- Location within the Gaza Strip
- Location: Rafah, southern Gaza Strip
- Date: 19 December 2023
- Attack type: Airstrike
- Deaths: 22+ Palestinian civilians
- Perpetrators: Israel Defense Forces

= 2023 Zorob family airstrike =

Israeli airstrike

On 19 December 2023, the Israeli Air Forces targeted the house of Palestinian journalist Adel Zorob in the Gaza Strip. The airstrike led to the deaths of over 22 civilian victims, from Zorob's family and other families sheltering in the building. Amnesty International found no evidence that any person staying in the house has any connection with an armed group.

== Airstrike and casualties ==
In the evening of Tuesday, December 19, an airstrike targeted the home of Zorob, as well as his family and others sheltering in it at the time. The strike reportedly killed 22 members of the Zorob and Al-Ladda families, including 11 children.

Zorob was a freelance journalist who worked with a number of media outlets including the Hamas-affiliated Al-Aqsa Voice Radio. According to reports, Zorob was "known for his efforts to help wounded children." The Committee to Protect Journalists wrote that "Zorob posted Gaza war news on his Facebook page and on WhatsApp news groups. The last news message was sent directly before his death, according to a WhatsApp screenshot CPJ viewed."
== Reactions ==
The targeting of Zorob has been cited as an instance of the killing of journalists by Israeli forces.

Amnesty International independently confirmed the identities of at least 16 residents injured in the airstrike.
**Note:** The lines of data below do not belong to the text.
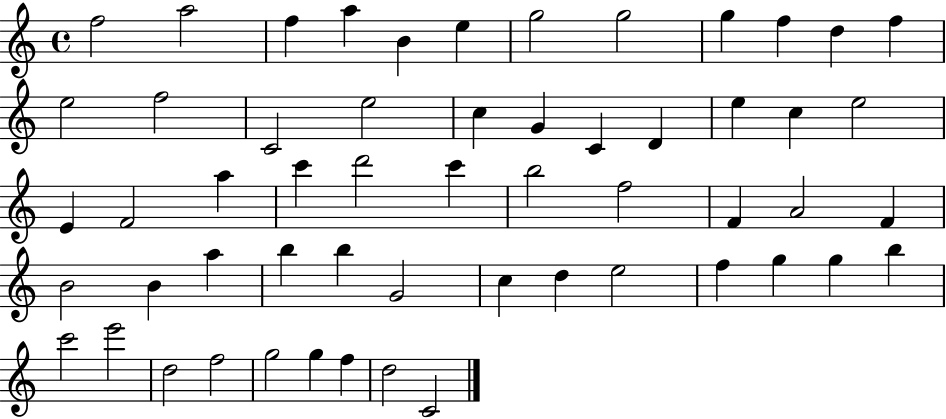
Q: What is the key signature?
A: C major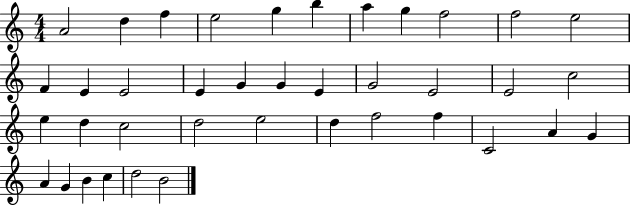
{
  \clef treble
  \numericTimeSignature
  \time 4/4
  \key c \major
  a'2 d''4 f''4 | e''2 g''4 b''4 | a''4 g''4 f''2 | f''2 e''2 | \break f'4 e'4 e'2 | e'4 g'4 g'4 e'4 | g'2 e'2 | e'2 c''2 | \break e''4 d''4 c''2 | d''2 e''2 | d''4 f''2 f''4 | c'2 a'4 g'4 | \break a'4 g'4 b'4 c''4 | d''2 b'2 | \bar "|."
}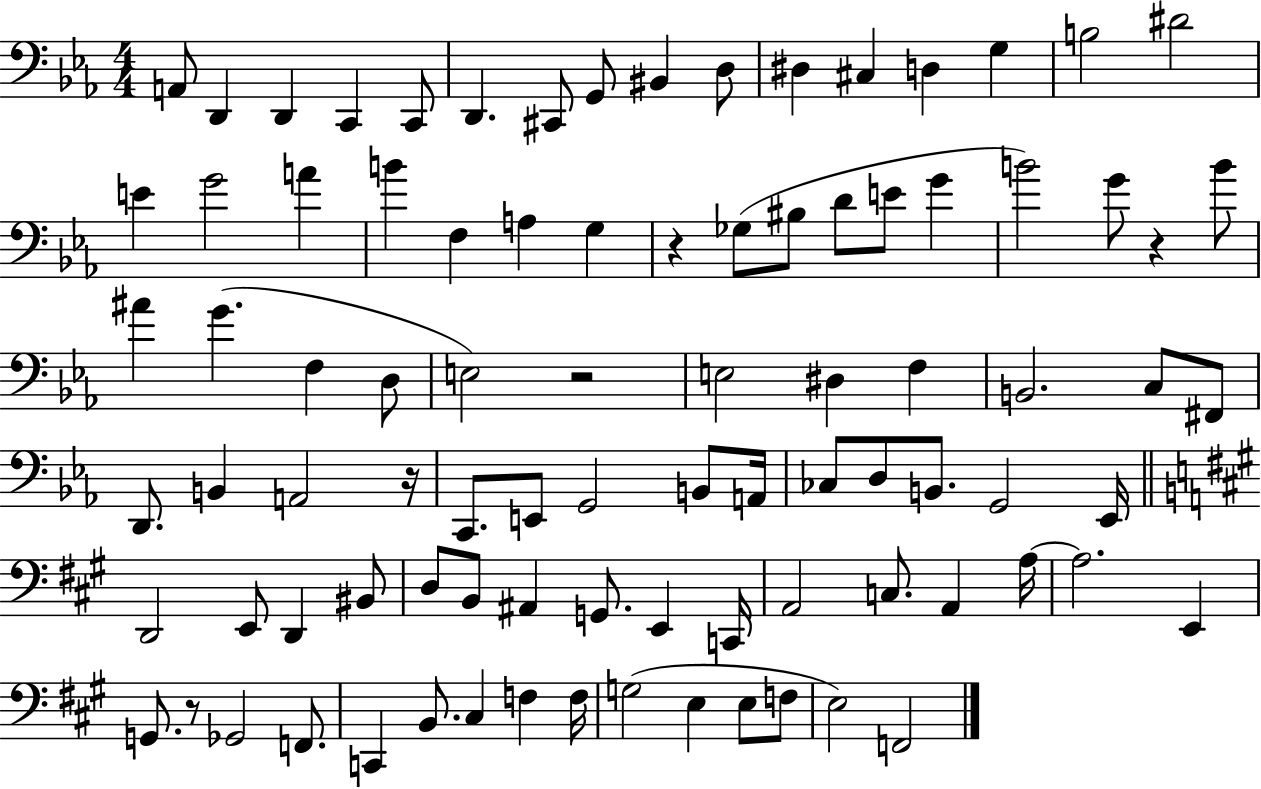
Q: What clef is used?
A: bass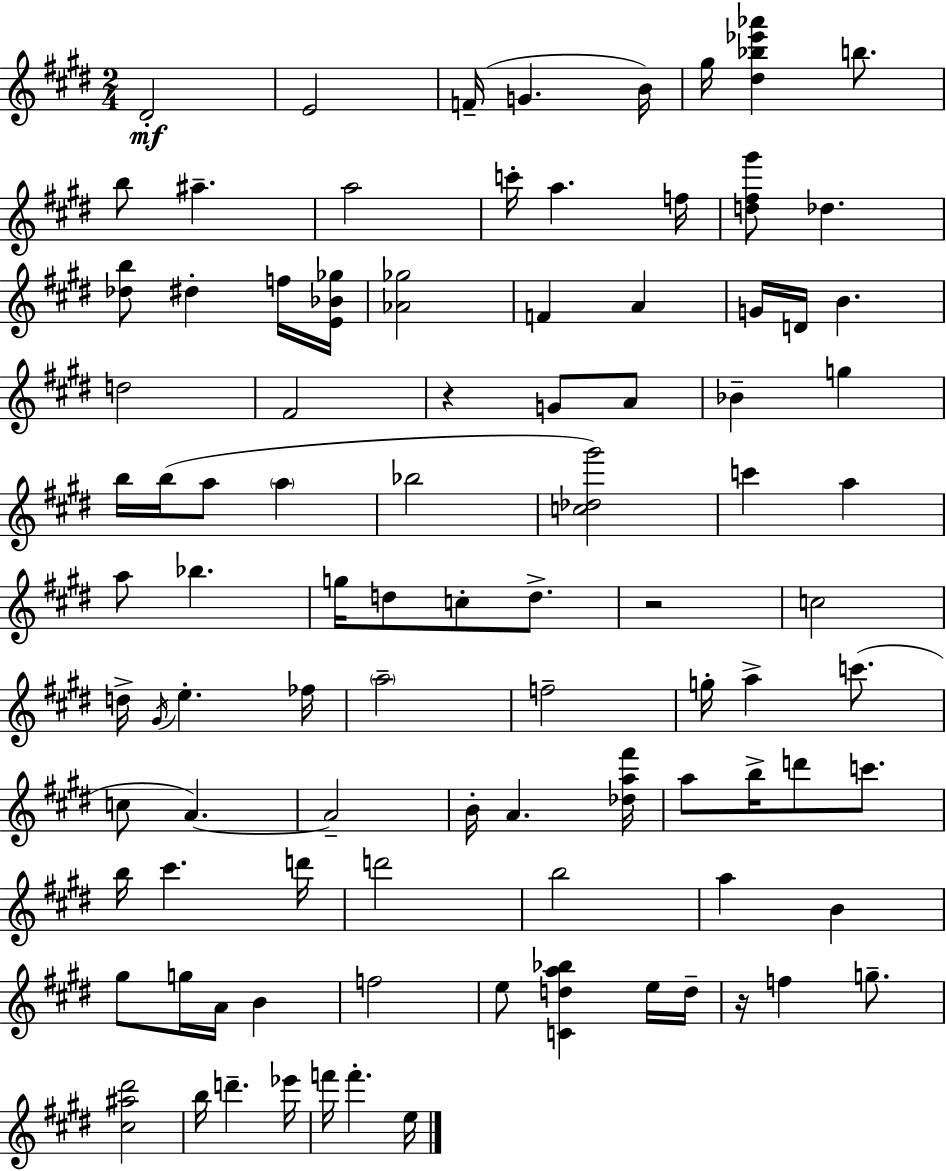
D#4/h E4/h F4/s G4/q. B4/s G#5/s [D#5,Bb5,Eb6,Ab6]/q B5/e. B5/e A#5/q. A5/h C6/s A5/q. F5/s [D5,F#5,G#6]/e Db5/q. [Db5,B5]/e D#5/q F5/s [E4,Bb4,Gb5]/s [Ab4,Gb5]/h F4/q A4/q G4/s D4/s B4/q. D5/h F#4/h R/q G4/e A4/e Bb4/q G5/q B5/s B5/s A5/e A5/q Bb5/h [C5,Db5,G#6]/h C6/q A5/q A5/e Bb5/q. G5/s D5/e C5/e D5/e. R/h C5/h D5/s G#4/s E5/q. FES5/s A5/h F5/h G5/s A5/q C6/e. C5/e A4/q. A4/h B4/s A4/q. [Db5,A5,F#6]/s A5/e B5/s D6/e C6/e. B5/s C#6/q. D6/s D6/h B5/h A5/q B4/q G#5/e G5/s A4/s B4/q F5/h E5/e [C4,D5,A5,Bb5]/q E5/s D5/s R/s F5/q G5/e. [C#5,A#5,D#6]/h B5/s D6/q. Eb6/s F6/s F6/q. E5/s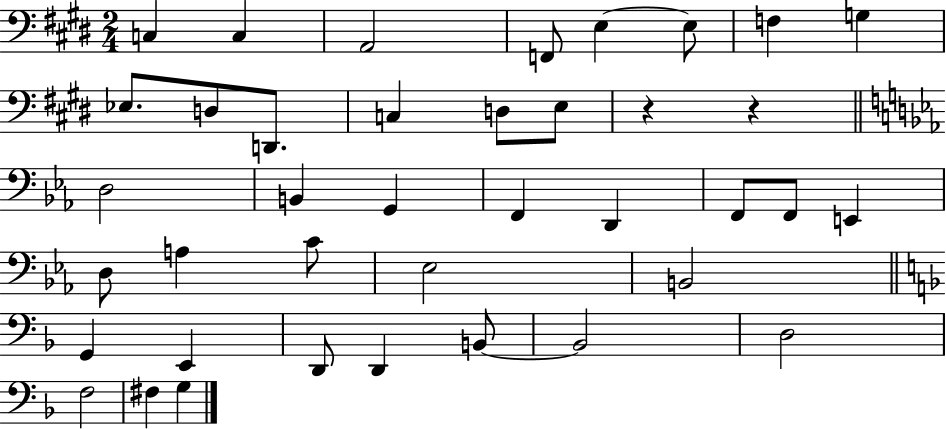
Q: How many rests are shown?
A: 2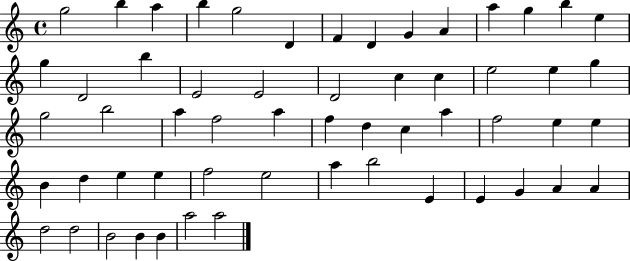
{
  \clef treble
  \time 4/4
  \defaultTimeSignature
  \key c \major
  g''2 b''4 a''4 | b''4 g''2 d'4 | f'4 d'4 g'4 a'4 | a''4 g''4 b''4 e''4 | \break g''4 d'2 b''4 | e'2 e'2 | d'2 c''4 c''4 | e''2 e''4 g''4 | \break g''2 b''2 | a''4 f''2 a''4 | f''4 d''4 c''4 a''4 | f''2 e''4 e''4 | \break b'4 d''4 e''4 e''4 | f''2 e''2 | a''4 b''2 e'4 | e'4 g'4 a'4 a'4 | \break d''2 d''2 | b'2 b'4 b'4 | a''2 a''2 | \bar "|."
}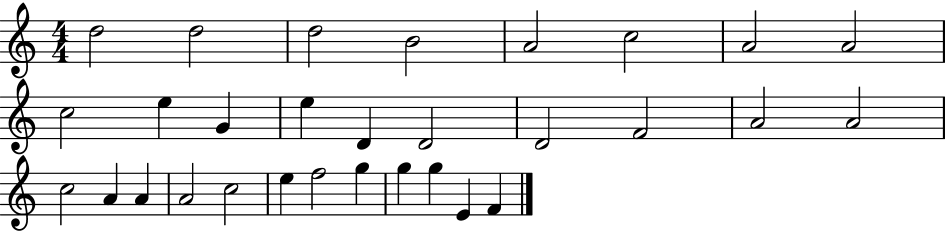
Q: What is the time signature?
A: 4/4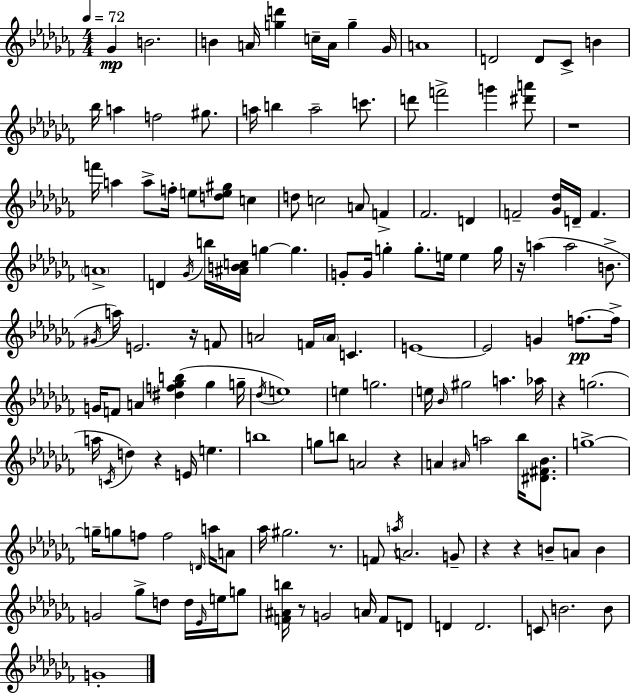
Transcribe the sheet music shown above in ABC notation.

X:1
T:Untitled
M:4/4
L:1/4
K:Abm
_G B2 B A/4 [gd'] c/4 A/4 g _G/4 A4 D2 D/2 _C/2 B _b/4 a f2 ^g/2 a/4 b a2 c'/2 d'/2 f'2 g' [^d'a']/2 z4 f'/4 a a/2 f/4 e/2 [de^g]/2 c d/2 c2 A/2 F _F2 D F2 [_G_d]/4 D/4 F A4 D _G/4 b/4 [^ABc]/4 g g G/2 G/4 g g/2 e/4 e g/4 z/4 a a2 B/2 ^G/4 a/4 E2 z/4 F/2 A2 F/4 A/4 C E4 E2 G f/2 f/4 G/4 F/2 A [^df_gb] _g g/4 _d/4 e4 e g2 e/4 _B/4 ^g2 a _a/4 z g2 a/4 C/4 d z E/4 e b4 g/2 b/2 A2 z A ^A/4 a2 _b/4 [^D^F_B]/2 g4 g/4 g/2 f/2 f2 D/4 a/4 A/2 _a/4 ^g2 z/2 F/2 a/4 A2 G/2 z z B/2 A/2 B G2 _g/2 d/2 d/4 _E/4 e/4 g/2 [F^Ab]/4 z/2 G2 A/4 F/2 D/2 D D2 C/2 B2 B/2 G4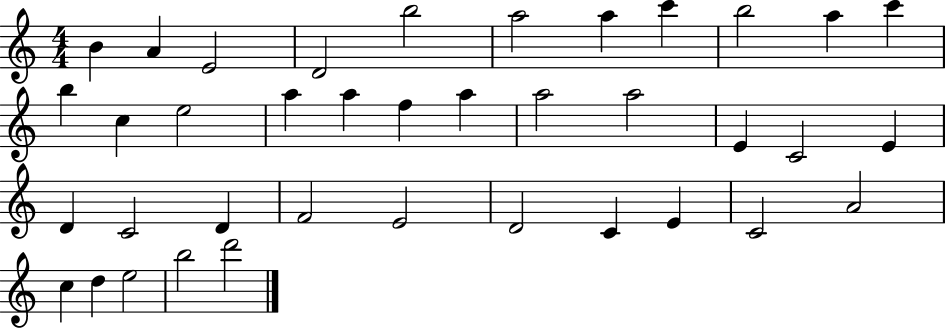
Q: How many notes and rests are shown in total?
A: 38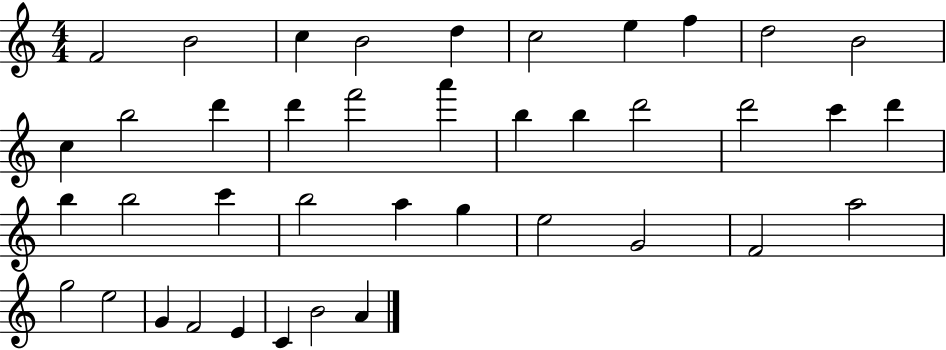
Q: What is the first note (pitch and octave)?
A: F4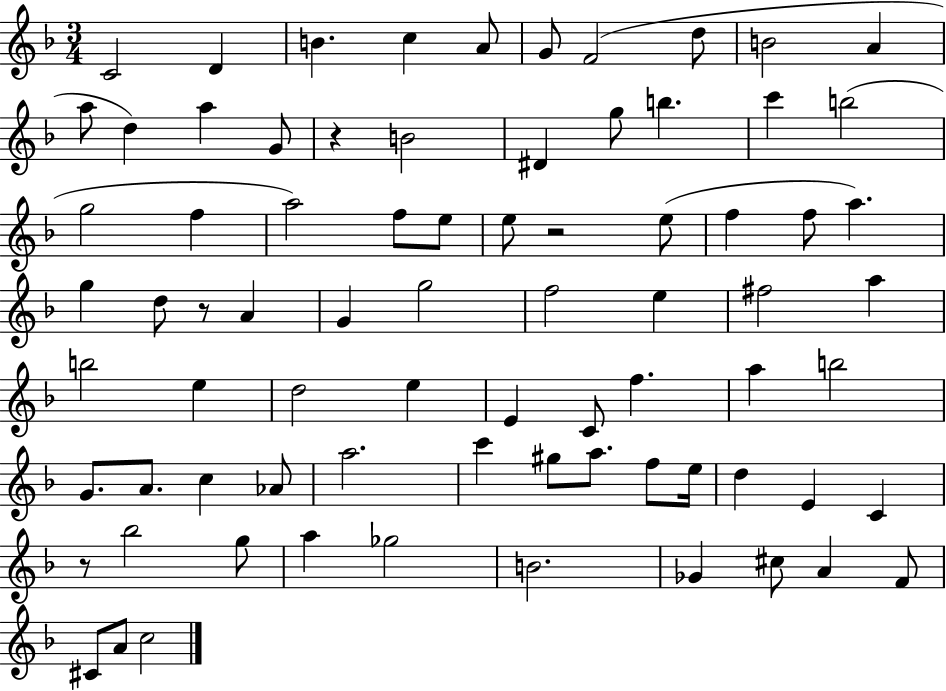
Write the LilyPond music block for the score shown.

{
  \clef treble
  \numericTimeSignature
  \time 3/4
  \key f \major
  c'2 d'4 | b'4. c''4 a'8 | g'8 f'2( d''8 | b'2 a'4 | \break a''8 d''4) a''4 g'8 | r4 b'2 | dis'4 g''8 b''4. | c'''4 b''2( | \break g''2 f''4 | a''2) f''8 e''8 | e''8 r2 e''8( | f''4 f''8 a''4.) | \break g''4 d''8 r8 a'4 | g'4 g''2 | f''2 e''4 | fis''2 a''4 | \break b''2 e''4 | d''2 e''4 | e'4 c'8 f''4. | a''4 b''2 | \break g'8. a'8. c''4 aes'8 | a''2. | c'''4 gis''8 a''8. f''8 e''16 | d''4 e'4 c'4 | \break r8 bes''2 g''8 | a''4 ges''2 | b'2. | ges'4 cis''8 a'4 f'8 | \break cis'8 a'8 c''2 | \bar "|."
}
They also found no evidence that any person staying in the house directly hit was affiliated with an armed group, and no indication of any military objectives in or near the house.

UNESCO Director-General Audrey Azouley released a statement about Zorob's death on 17 June 2024. "I deplore the death of Adel Zorob and call for a thorough and transparent investigation," she said. "I reiterate my urgent call on all parties to respect UN Security Council Resolution 2222 unanimously adopted in 2015 on the protection of journalists, media professionals and associated personnel as civilians in situations of conflict."